In cryopumps where the radiation shield fits closely about the cryopanel array, there is limited space between the radiation shield and the cryopanel array. In cryopumps of this design, there is a tendency for lower boiling point gases to condense heavily on the surfaces of the cryopanel array closest to the opening through which gases are cryopumped. When this occurs, frost from these condensing gases significantly narrows the gap between the radiation shield and the cryopanel array, limiting the ability of other gases to reach either the condensing surfaces on the cryopanel array further away from the opening or the surfaces coated with adsorbent material. If the gap between the radiation shield and the cryopanel array is narrowed significantly, the pumping speed of the cryopump is greatly reduced.

The present invention prevents frost caused by condensing gases from significantly narrowing the gap between a close fitting radiation shield and cryopanel array, particularly in the area closest to the opening through which gases are cryopumped, thereby allowing the cryopump to continue to operate more efficiently and at higher speed.

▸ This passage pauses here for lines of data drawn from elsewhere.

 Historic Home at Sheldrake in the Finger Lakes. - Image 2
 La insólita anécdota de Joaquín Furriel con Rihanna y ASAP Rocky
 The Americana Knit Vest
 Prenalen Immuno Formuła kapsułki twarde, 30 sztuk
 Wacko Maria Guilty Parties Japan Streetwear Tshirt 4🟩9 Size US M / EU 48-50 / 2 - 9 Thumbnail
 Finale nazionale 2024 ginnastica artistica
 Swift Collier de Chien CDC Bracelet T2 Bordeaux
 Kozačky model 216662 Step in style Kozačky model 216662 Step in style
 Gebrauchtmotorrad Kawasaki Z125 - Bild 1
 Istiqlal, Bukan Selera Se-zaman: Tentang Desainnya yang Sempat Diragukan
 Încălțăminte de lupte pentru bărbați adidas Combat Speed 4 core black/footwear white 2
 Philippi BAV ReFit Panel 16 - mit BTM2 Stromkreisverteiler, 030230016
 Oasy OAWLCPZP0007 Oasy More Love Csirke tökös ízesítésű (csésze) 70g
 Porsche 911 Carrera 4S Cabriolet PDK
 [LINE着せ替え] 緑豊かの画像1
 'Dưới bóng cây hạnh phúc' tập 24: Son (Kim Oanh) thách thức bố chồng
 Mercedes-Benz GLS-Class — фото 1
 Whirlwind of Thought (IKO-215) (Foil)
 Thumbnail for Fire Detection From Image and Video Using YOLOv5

The present invention provides a cryopump, and a cryopanel therein, which limits frost build up between a close fitting cryopanel array and radiation shield. Gases are cryopumped through an opening in a vacuum vessel. Within the vacuum vessel is a cryopanel which is cooled to cryogenic temperatures and supports adsorbent for adsorbing gases. A condensing cryopanel cooled to cryogenic temperatures faces the opening in the vacuum vessel and acts as a baffling device to shield the adsorbent cryopanel from condensing gases passing through the opening. Affixed to and extending from the condensing cryopanel and toward the opening in the vacuum vessel are surfaces of a frost concentrator for condensing gases. The frost concentrator is affixed to or formed from the outer surface of the condensing cryopanel which is in the closest proximity to the opening in the vacuum vessel.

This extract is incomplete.